* **INSTRUCTIONS FOR THE TASK**
Range to output from the entries below: the line containing "POLO RALPH LAUREN" through the line containing "Close-up of a". Set it down exactly, ends included, nothing else.
★ ★ ★
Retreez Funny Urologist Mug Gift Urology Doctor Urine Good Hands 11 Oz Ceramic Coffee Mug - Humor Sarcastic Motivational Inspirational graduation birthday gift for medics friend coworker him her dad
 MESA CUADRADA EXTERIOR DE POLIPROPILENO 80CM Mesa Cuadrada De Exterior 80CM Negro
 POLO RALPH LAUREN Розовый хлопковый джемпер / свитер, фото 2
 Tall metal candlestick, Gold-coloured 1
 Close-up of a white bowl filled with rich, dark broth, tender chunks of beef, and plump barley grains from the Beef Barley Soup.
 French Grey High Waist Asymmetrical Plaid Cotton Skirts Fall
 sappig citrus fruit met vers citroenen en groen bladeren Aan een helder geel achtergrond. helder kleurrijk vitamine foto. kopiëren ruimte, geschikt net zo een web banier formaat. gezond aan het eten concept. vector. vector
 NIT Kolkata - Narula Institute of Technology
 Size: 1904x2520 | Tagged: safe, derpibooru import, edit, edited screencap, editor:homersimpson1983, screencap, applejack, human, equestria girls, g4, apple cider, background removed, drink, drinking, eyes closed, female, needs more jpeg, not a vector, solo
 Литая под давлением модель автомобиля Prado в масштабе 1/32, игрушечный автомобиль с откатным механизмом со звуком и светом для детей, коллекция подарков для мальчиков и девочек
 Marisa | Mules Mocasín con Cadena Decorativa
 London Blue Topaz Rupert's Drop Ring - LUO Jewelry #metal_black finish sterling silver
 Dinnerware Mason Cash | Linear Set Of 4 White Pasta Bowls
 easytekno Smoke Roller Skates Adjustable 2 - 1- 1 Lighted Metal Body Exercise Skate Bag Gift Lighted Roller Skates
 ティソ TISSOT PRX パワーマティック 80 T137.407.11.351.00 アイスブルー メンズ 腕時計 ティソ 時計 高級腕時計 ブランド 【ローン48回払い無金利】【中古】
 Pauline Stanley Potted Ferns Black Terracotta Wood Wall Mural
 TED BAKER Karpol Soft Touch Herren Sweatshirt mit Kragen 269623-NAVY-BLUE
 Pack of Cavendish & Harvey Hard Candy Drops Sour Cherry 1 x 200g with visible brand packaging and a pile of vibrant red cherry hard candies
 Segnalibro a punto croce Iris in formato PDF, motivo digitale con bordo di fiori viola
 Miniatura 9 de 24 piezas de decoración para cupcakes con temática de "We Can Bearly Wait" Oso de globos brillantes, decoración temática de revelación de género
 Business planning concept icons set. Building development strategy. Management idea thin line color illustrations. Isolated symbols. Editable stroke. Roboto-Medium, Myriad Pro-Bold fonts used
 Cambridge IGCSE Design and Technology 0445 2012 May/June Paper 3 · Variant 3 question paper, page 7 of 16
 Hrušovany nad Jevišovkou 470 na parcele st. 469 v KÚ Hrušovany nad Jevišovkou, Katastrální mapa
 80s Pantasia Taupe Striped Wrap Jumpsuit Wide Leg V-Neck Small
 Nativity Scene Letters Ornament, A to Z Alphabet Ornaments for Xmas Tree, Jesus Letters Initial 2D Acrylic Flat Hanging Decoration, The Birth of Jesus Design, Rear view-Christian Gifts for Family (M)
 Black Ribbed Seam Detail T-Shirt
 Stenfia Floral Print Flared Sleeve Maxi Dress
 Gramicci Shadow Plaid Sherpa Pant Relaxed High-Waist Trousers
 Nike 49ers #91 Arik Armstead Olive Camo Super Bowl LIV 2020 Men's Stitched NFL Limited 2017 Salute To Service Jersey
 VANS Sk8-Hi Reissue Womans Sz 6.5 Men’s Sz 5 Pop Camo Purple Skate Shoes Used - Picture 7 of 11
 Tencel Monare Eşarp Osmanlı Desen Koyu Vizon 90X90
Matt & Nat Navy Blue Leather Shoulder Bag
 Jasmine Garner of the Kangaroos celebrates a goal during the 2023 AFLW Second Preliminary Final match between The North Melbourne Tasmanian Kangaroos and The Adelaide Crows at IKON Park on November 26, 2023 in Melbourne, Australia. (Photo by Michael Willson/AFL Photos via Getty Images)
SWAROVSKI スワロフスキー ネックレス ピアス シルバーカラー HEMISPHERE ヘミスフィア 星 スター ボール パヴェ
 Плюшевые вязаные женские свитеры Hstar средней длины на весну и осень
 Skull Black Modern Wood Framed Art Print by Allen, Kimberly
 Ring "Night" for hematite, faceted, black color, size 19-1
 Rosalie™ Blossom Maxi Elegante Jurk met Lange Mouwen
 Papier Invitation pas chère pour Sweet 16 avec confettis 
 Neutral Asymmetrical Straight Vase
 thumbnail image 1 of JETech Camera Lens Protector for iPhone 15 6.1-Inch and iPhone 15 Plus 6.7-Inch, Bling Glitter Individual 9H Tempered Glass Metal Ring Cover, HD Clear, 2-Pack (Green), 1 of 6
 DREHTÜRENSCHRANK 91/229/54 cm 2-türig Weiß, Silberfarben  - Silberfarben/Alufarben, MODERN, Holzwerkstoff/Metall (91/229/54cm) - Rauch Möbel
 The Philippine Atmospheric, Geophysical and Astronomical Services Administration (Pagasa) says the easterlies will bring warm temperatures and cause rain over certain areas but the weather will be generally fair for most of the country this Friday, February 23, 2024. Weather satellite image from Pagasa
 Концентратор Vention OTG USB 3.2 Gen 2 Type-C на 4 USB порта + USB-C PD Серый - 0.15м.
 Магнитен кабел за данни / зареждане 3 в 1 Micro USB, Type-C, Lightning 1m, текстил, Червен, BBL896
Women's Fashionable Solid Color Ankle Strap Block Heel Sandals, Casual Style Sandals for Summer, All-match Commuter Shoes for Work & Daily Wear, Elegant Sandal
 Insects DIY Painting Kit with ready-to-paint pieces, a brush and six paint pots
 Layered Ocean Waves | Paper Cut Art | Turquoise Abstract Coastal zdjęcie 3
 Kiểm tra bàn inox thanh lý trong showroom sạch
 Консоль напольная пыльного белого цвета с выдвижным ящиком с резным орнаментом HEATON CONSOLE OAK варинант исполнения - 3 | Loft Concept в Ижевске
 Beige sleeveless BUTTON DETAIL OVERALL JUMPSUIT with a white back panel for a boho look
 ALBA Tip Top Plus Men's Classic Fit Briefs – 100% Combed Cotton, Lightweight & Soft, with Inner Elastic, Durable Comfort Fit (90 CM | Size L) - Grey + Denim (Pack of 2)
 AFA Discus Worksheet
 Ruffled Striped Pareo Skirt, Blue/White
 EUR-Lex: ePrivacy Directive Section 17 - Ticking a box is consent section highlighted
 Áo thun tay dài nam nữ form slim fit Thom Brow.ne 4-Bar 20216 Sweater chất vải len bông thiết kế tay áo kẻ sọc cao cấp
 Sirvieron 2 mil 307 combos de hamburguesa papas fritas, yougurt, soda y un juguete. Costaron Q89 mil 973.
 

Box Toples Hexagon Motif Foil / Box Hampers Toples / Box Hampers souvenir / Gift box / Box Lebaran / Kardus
★ ★ ★
* **THE COMPLETED TASK**
 POLO RALPH LAUREN Розовый хлопковый джемпер / свитер, фото 2
 Tall metal candlestick, Gold-coloured 1
 Close-up of a white bowl filled with rich, dark broth, tender chunks of beef, and plump barley grains from the Beef Barley Soup.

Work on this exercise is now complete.